## Problem description
Within the entries below, please retype exactly the lines starting with the line that has "Slim Fit Lace Up Spaghetti Straps Mini Dress" and going on through the line that has "St. Elisabeth of", but not the pictures.

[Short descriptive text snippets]
━━━━━━━━━━━━━━━━

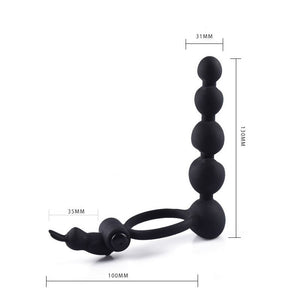 Silicone Cock Ring Wearing Anal Plug Butt Plug Prostate Massager Delay Ejaculation Sex Toys for Men Couples Male Masturbation (Black) - sextoysok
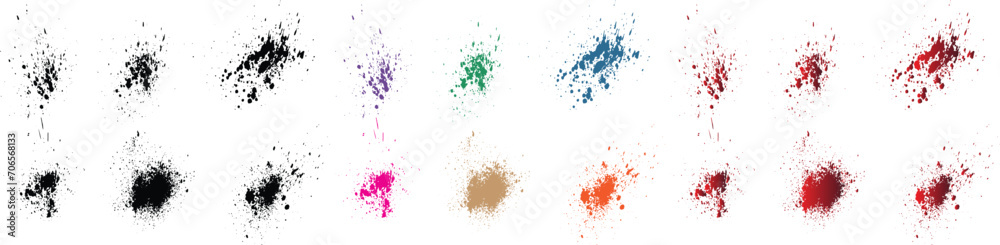 Isolated ink vector black, red, orange, purple, wheat, green color vector blood brush stroke
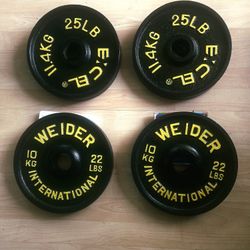
(2) 25. (2) 22 lbs Olympic Metal Plates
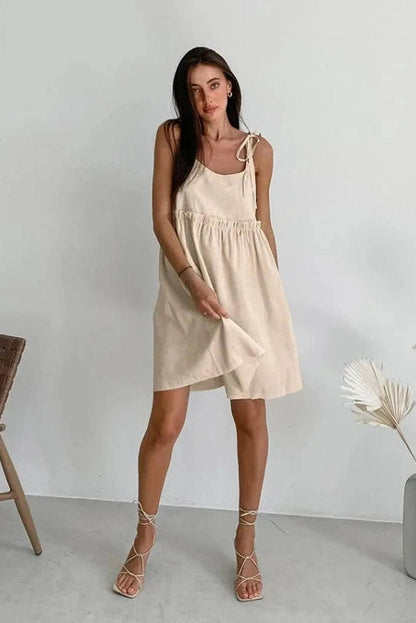 Slim Fit Lace Up Spaghetti Straps Mini Dress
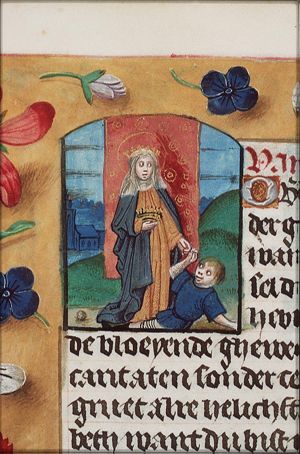 St. Elisabeth of Hungary with a crown on her head and one in her hand, a beggar at her feet
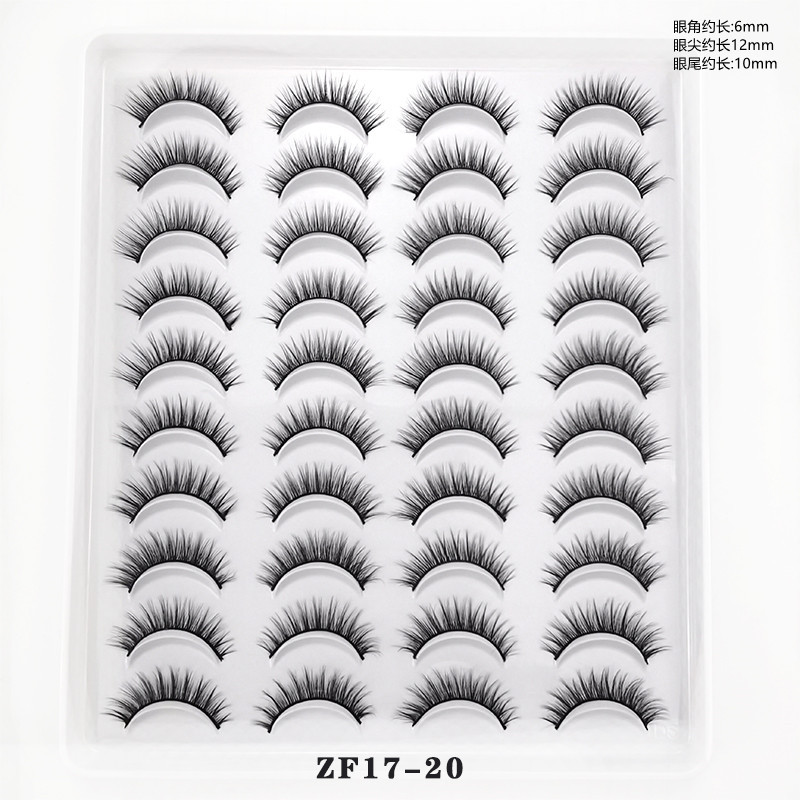Fábrica al por mayor una caja de 20 pares de pestañas postizas 3D pestañas cortas naturales de varios niveles suministro transfronterizo europeo y americano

━━━━━━━━━━━━━━━━

## Expected output
 Slim Fit Lace Up Spaghetti Straps Mini Dress
 St. Elisabeth of Hungary with a crown on her head and one in her hand, a beggar at her feet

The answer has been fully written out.